Alalyze exam data. Find outliers.
setwd("./data")
exams<-read.csv("exams_and_names-2.csv",header=T)
setwd("../")
Key is using measure which is natural to the data set e.g., quartiles on distribution. Recall: - Box goes to 25% (Q1) and 75% (Q3) - Whiskers go to 1.5x Q1-Q3 range - Beyond that are outliers
with(exams,plot(Exam.1~Exam.2))
par(mfrow=c(1,2))
with(exams,boxplot(Exam.1)) # no outliers
with(exams,boxplot(Exam.2)) # three outliers
par(mfrow=c(1,1))
boxplot(exams$Exam.1,exams$Exam.2,col="blue",main="Exam Scores",
names=c("exam1", "exam2"),ylab="Exam Score")

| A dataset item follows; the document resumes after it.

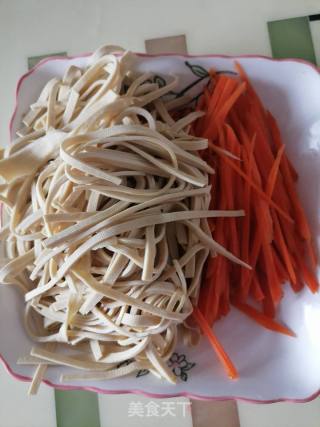 胡萝卜炒豆皮的做法步骤：2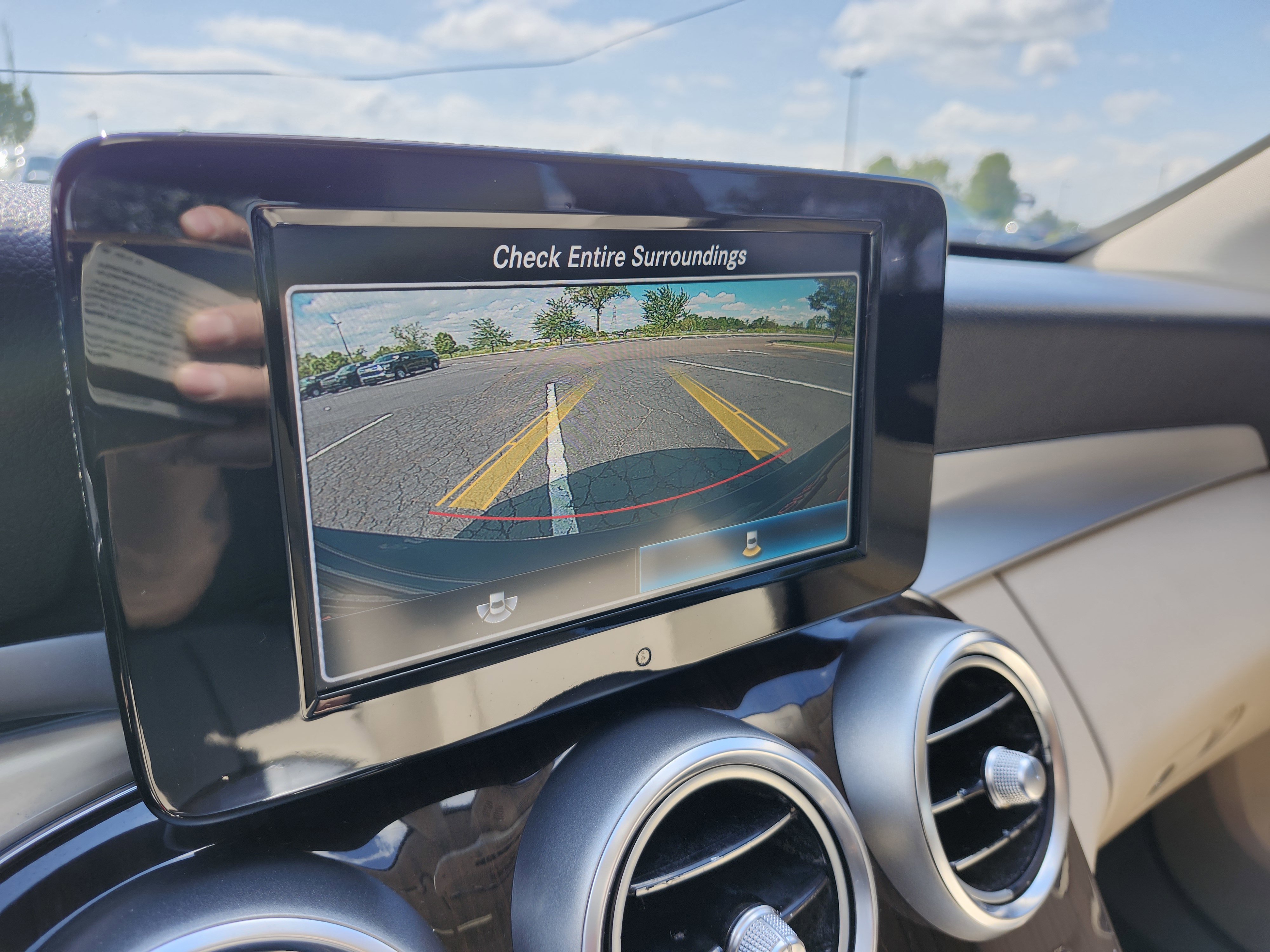 Used 2019 Mercedes-Benz C 300 4MATIC Sedan image 4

sd1<-sd(exams$Exam.1,na.rm=T)
sd2<-sd(exams$Exam.2,na.rm=T)
exams$Exam.1.z<-(exams$Exam.1-mean(exams$Exam.1,na.rm=T))/sd1
exams$Exam.2.z<-(exams$Exam.2-mean(exams$Exam.2,na.rm=T))/sd2
# Note: default for scale is to set na.rm=T
exams$Exam.1.scale<-scale(exams$Exam.1)
exams$Exam.2.scale<-scale(exams$Exam.2)
head(sort(exams$Exam.2.z))
## [1] -2.6481 -2.5586 -2.2009 -1.2171 -0.8593 -0.8593
head(sort(exams$Exam.2.z,decreasing=T))
## [1] 1.242 1.153 1.153 1.108 1.108 1.019
# No outliers
Alalyze exam data. Find outliers using IQR. Considered better than mean/sd as they are sensitive to outliers.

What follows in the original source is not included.